We continued to look at what else the store had on hand. The used mics were more interesting: for example, a beyerdynamic ribbon mic for $269.99 housed a thin plastic ribbon behind a somewhat-misshapen chrome basket. “This is very sensitive…not for live use,” he said. I asked if there was any sort of description of its frequency response, so he fished the frequency response graph out of the box. He also showed me an AKG C1000 S studio condenser mic in a case, which cost around $200.
“So, how would you test the microphones?” I asked. “Well, maybe if you had a friend who had a recording studio, you could ask him about mics,” he responded. “But couldn’t you set it up so that I could try a few mics side by side?” I asked. He frowned, saying, “Back when Leo’s Pro Audio was around, they were set up for that. Now, there’s nothing.” I found it ironic that he mentioned the defunct Leo’s, since that store had been renowned for its snobbiness. My first purchase there back in the day was of a completely unnecessary $60 de-Gausser to remove tape hiss (and, possibly, to erase credit cards).

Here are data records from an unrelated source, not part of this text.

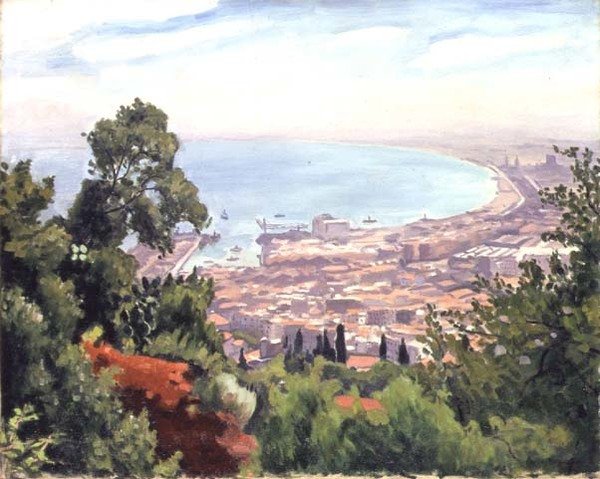 Bahía de Argel de Albert Marquet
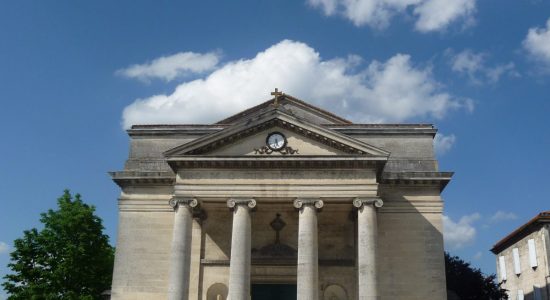 Eglise Saint Jacques de l’Houmeau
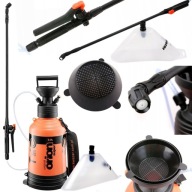 OPRYSKIWACZ RĘCZNY CIŚNIENIOWY KWAZAR ORION SUPER PRO 6L OGRODOWY ZRASZACZ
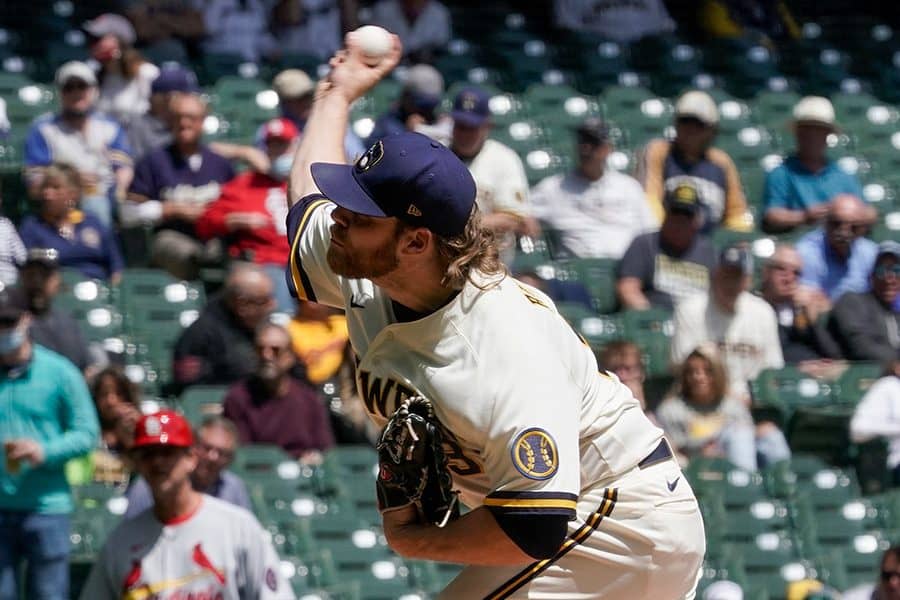 【MLB】バーンズが無四球58奪三振の快挙も…　コールが56奪三振で猛追し新記録の可能性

They had always treated me like a silly little girl. I thanked the man, walked past the rows of amps and cords, and exited the store.
5925 Shellmound St.
Emeryville CA 94608
Next up? Guitar Center in Emeryville. Full disclosure: I love this place. It’s a perfect jewel of contemporary retail that gets both display and community right. The new Guitar Center kicks the old (El Cerrito) Guitar Center’s behind, and hard. Whereas the old store was just a gray box manned by goths, the new store has a bright, red-and-white color scheme. It has specialized rooms and sections galore: a keyboard room, monitor testing station, wood-paneled acoustic guitar room, percussion room and more. It’s a feast for the senses and, unlike many stores, it’s pristine, right down to the clean restroom with a baby-changing table and the tricked-out rehearsal and lesson rooms.
As soon as I approached the main counter, several clerks asked me if I needed help. I chose the man who seemed the most enthused when I mentioned microphones. We set to looking at the performing mics displayed in the counter case. (A display of about 20 different large-diaphragm studio condenser mics was nearby in a vertical case against the wall.) The Sennheiser e 935 and the Shure SM57, SM58, BETA 57A and BETA 58A were up top. A beautiful, new brushed-nickel-bodied Shure KSM8 caught my eye, so I asked about it. “That’s a $500 mic,” the man said. “It’s a dual-diaphragm dynamic mic.”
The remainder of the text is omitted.